Major 20th Century Writers

May 14th , 2015

Love of Monsters

This paper is a Critical Analysis of Eight Novels: Lolita by Vladimir Nabokov, Love in the Time of Cholera by Gabriel Garcia Marquez, The Feast of the Goat by Mario Vargas Llosa, The Lover by Marguerite Duras, Perfume: The Story Of A Murderer by Patrick S?skind, The Patience Stone by Atiq Rahimi, Black Water by Joyce Carol Oates and Balzac and the Little Chinese Seamstress by Sijie Dai and Ina Rilke.

The majority of our semester was about the oppression of women by powerful men, most of them monsters. The oppressors, the male characters of nearly all of our stories, shared something between them, power. That power was derived from political status, physical stature, social influence, sexual prowess or fiscal strength.
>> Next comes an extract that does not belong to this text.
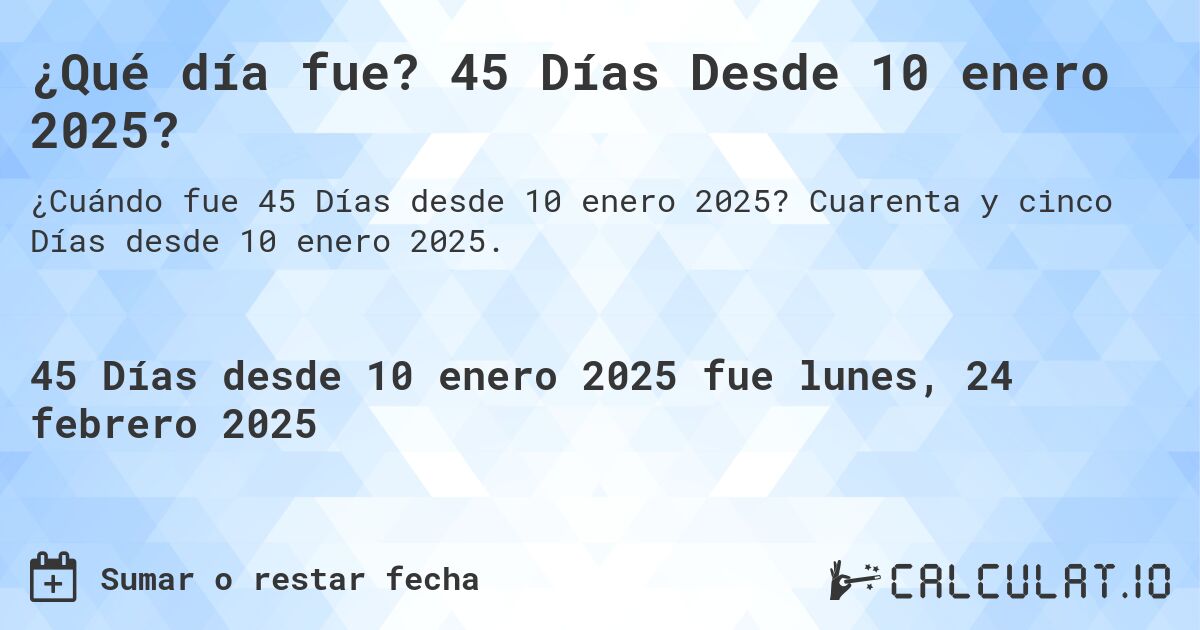 ¿Qué día fue? 45 Días Desde 10 enero 2025?. Cuarenta y cinco Días desde 10 enero 2025.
The men in our stories were powerful. Women were often drawn to that power and became victims of it. Love became either a tactical event for survival or a strategic decision for long-term goals, but power was a vehicle for both their shortterm or long-term future.

Though these two words, strategic and tactical are closely connected, they are very different. Strategy is the thinking process to change or organize something such as one's life. It defines a series of goals, which are desired, and the path to achieve them. It is often a compendium of complex multi-layered plans glued together with specific pre-set objectives, objectives that are tactical in nature. Tactics are the actions pursuant on the strategic plan. Tactics used by men and women to achieve their goal in love or in lust.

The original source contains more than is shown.